To support these changes in manpower allocation, my Office of Organizational Development will be developing, over the next few months, a more sophisticated manpower allocation model that will help determine the number of officers required on each PSA. The original allocation model from Booz-Allen looked only at priority calls and serious, "Index" crimes. A formula was created to identify each PSA's proportion of the total serious crime and calls for service in the District as a whole. So if a PSA accounted for 1.3 percent of the weighted formula of crimes and calls for service, then that PSA was to receive 1.3 percent of the staff resources dedicated to PSAs.

This approach was flawed because it did not take into consideration offenses such as prostitution or drugs, which require a great deal of police resources and which generate a great deal of community concern. Nor did the original formula factor in the time required to respond to different calls for service or engage in community policing. This approach merely distributed a given number of officers—divided up the pie, if you will.

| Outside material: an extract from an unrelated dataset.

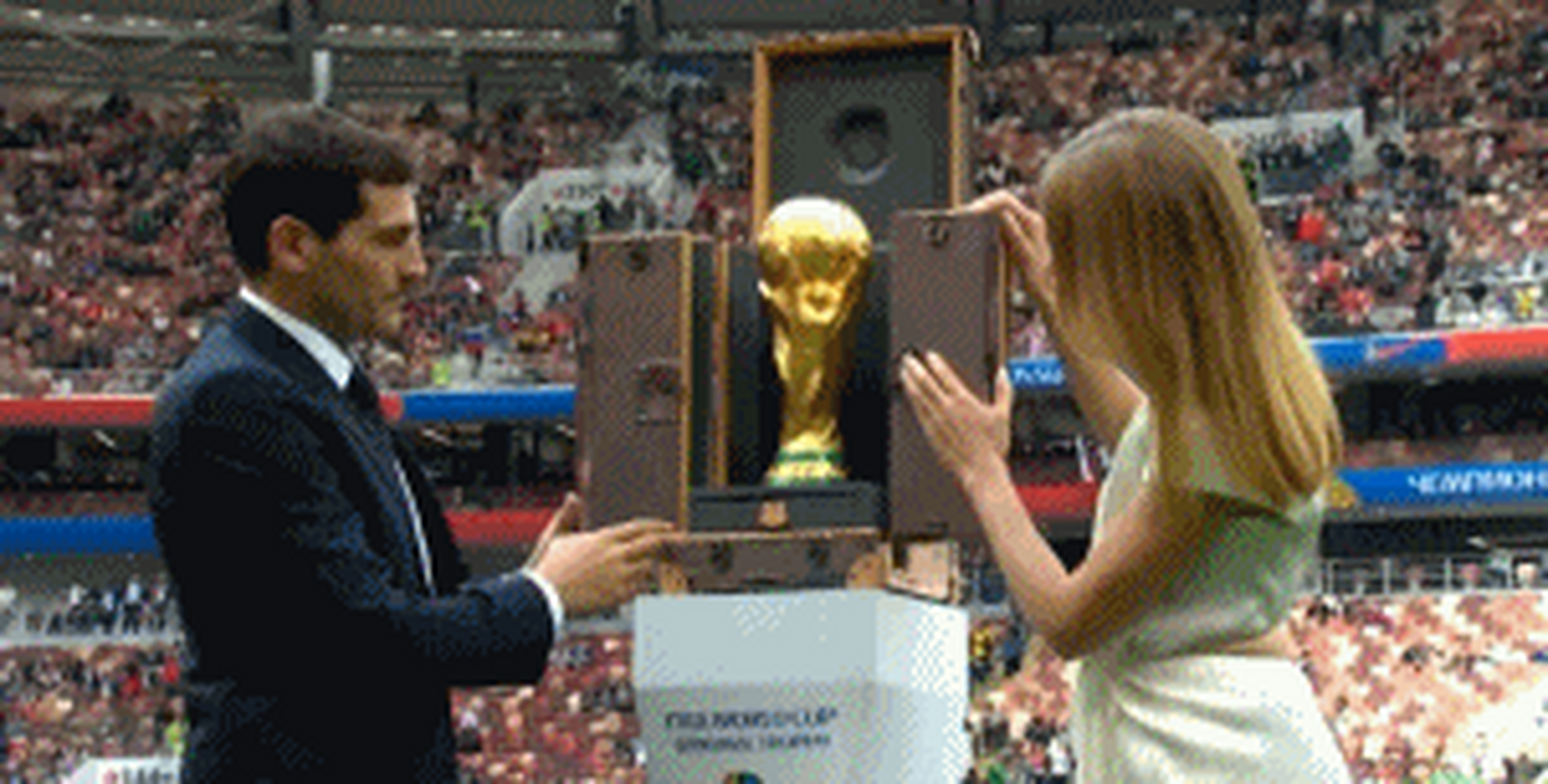 卡西利亚斯手捧大力神杯进场了!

But it did not question how large the pie needed to be in the first place—that is, how many officers are realistically needed to respond to and prevent crime in the PSAs.

The project team will be working to identify realistic numbers for PSA strength based on the work being done and the time it takes to do that work. I will keep the Committee informed of our progress in developing the new manpower allocation model and any other changes we intend to make in the PSA model.

Thank you again for the opportunity to present these comments on the Management Reform Act and to update you on the PSA model. The Metropolitan Police Department continues to move forward in our efforts to professionalize the Department and become more effective by strengthening leadership, staffing and resources on the PSAs.

The overall thrust of the Management Reform Act certainly supports these ongoing efforts. I look forward to working with the Committee and the entire Council to further enhance this important piece of legislation, as we also work together to enhance community policing in our city.